J’avais bien aimé les précédents livres de Jean-Louis Pestiaux, et, pour l’essentiel, j’en retrouve les qualités dans le présent recueil.

Une déception profonde à l’égard du monde, où c’est l’argent et le pouvoir qui gouvernent tout. Le besoin, le désir d’une évasion, qui ne peut être ni une distraction ni un étalage de bonnes intentions. Mais à quoi tiennent donc encore nos racines ?

Quand le chant se taira / Je mettrai mon foulard rouge / Et mes sabots de bois / J’irai sur le chemin / Qui ne s’arrête pas / Inconnu de tous / Inconnu de moi / Attentif à la forêt / Qui offre sans compter.

Oui, il est difficile de ne pas désespérer, quand on voit le monde comme il va : la violence, l’étalage d’une puissance, d’une force mal dégrossies et qui finissent par se retourner contre ceux qui les emploient, l’effet boomerang. Et nous sommes là, spectateurs aux mains vides. La patience est bien cruelle, qui réduit ainsi notre être à un simple intellect.

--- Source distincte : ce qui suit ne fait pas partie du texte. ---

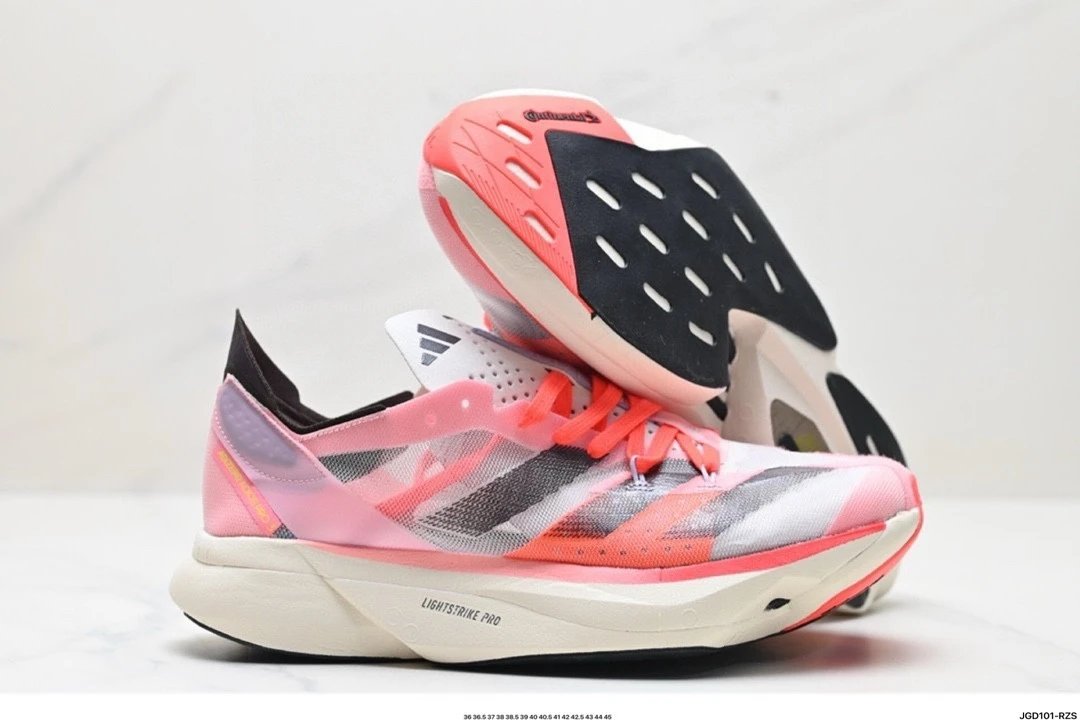 Adidas Adizero Adios Pro 3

Mais il faut, justement, user de cette patience. Car c’est elle, à la longue, qui gouverne le monde. Et c’est dans ce monde-ci que nous vivons, et non dans des Édens lointains. Et, dans ce poème qui rassemble toute une vie, ce leitmotiv : Mais parlons d’autre chose… Pourtant, cet autre chose, c’est bien ici et maintenant et le poème en prend allure d’énigme ou d’éclipse :

Terminons camarade / La vie est mortelle / Et ne se renouvelle pas / Peiner un dur labeur / Est son quotidien / Celui du vivant / Jusqu’à la fin.

C’est donc sur cette note d’espérance volontaire et quasi obligatoire que se termine ce recueil.

Quant à son style, il me semble que les poèmes courts ont une plus grande unité ; certains des poèmes longs gagneraient à être resserrés et ont parfois un ton trop proche de celui de la prose. Mais, tout compte fait, l’ensemble présente une grande unité.